# Aim of the task
Restate word for word the lines from the one bearing "上下门牙以及上下颌骨向前突进,放松状态下上下唇多不能自然闭合,笑时" through the end of the entries below, and leave every picture out.
··· Available records ···
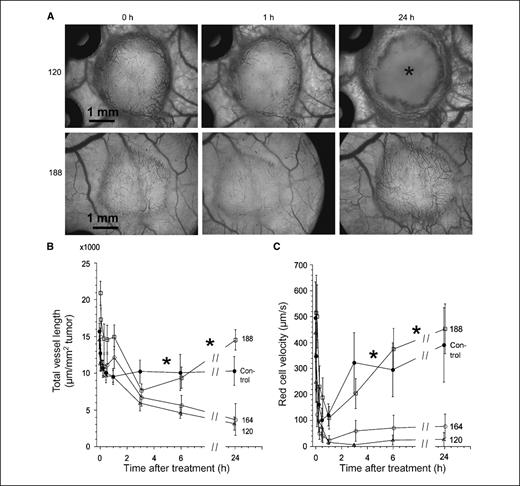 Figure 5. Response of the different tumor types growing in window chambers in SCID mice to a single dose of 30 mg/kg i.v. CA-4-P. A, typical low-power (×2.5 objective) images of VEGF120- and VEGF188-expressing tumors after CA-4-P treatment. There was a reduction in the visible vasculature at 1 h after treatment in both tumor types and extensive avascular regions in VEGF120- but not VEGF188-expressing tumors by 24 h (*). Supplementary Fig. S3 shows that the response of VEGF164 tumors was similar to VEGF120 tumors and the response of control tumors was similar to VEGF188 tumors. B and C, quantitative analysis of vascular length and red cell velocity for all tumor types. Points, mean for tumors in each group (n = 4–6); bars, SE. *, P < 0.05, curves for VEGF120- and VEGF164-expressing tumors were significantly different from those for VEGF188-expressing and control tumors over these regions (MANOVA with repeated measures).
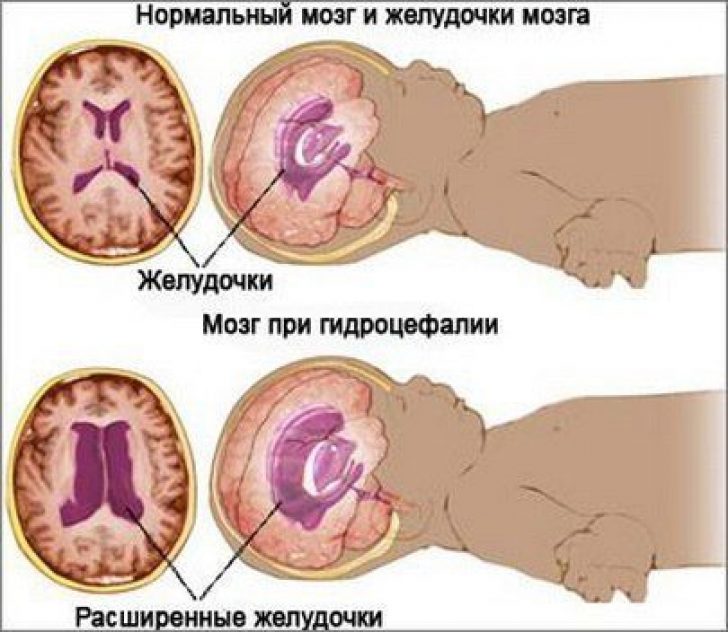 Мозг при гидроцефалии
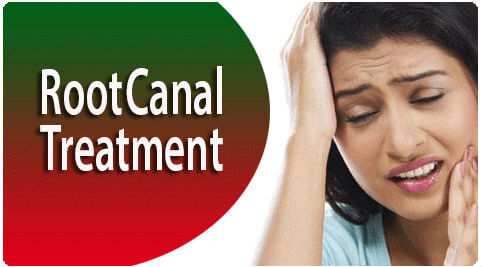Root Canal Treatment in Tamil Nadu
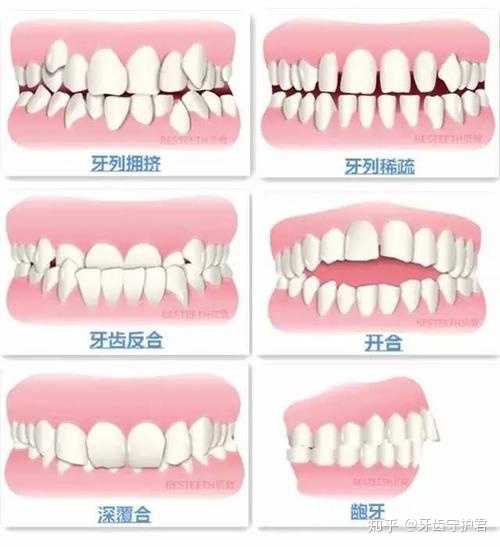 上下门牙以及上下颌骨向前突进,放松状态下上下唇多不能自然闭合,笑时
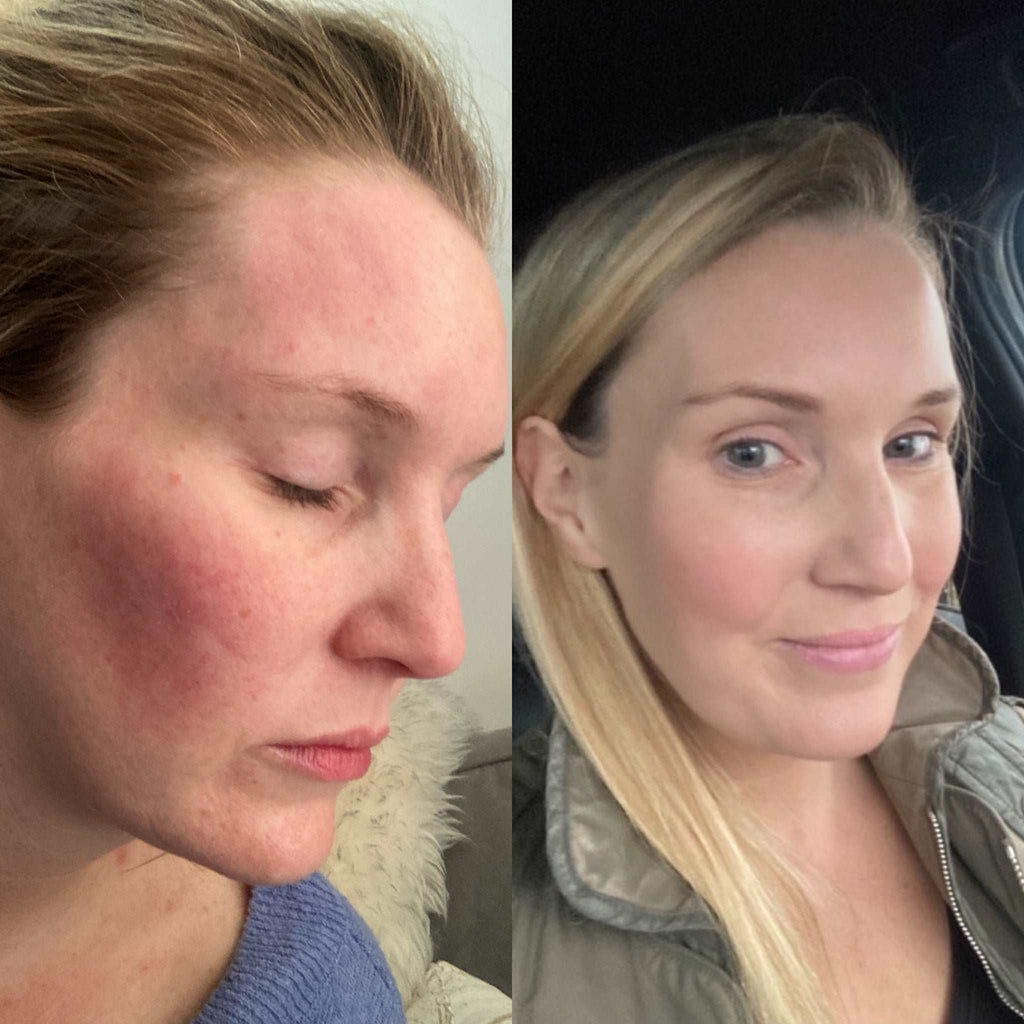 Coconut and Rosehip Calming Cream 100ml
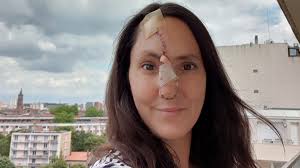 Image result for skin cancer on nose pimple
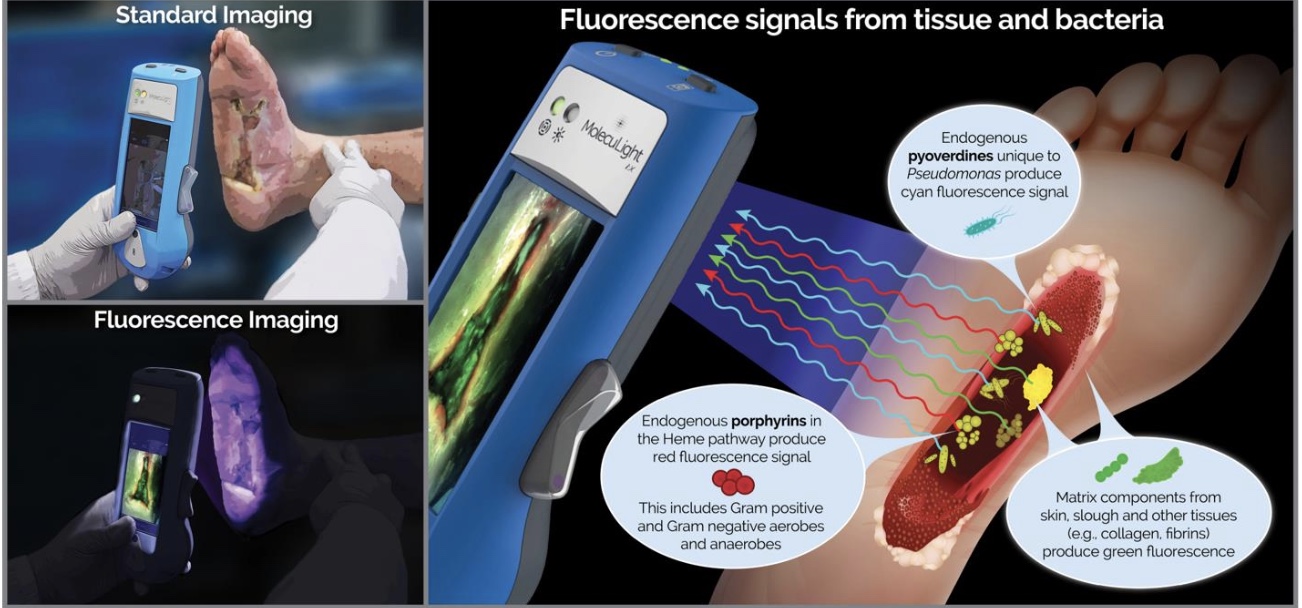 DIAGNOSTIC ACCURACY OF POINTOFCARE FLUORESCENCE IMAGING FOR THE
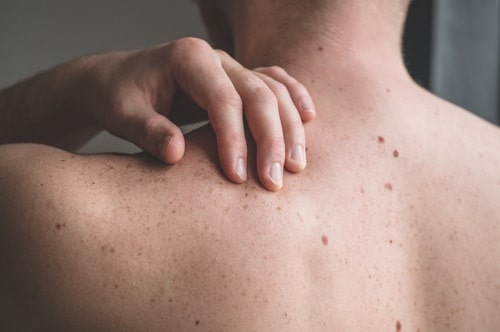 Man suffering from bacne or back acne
···
# Exercise solution
 上下门牙以及上下颌骨向前突进,放松状态下上下唇多不能自然闭合,笑时
 Coconut and Rosehip Calming Cream 100ml
 Image result for skin cancer on nose pimple
 DIAGNOSTIC ACCURACY OF POINTOFCARE FLUORESCENCE IMAGING FOR THE
 Man suffering from bacne or back acne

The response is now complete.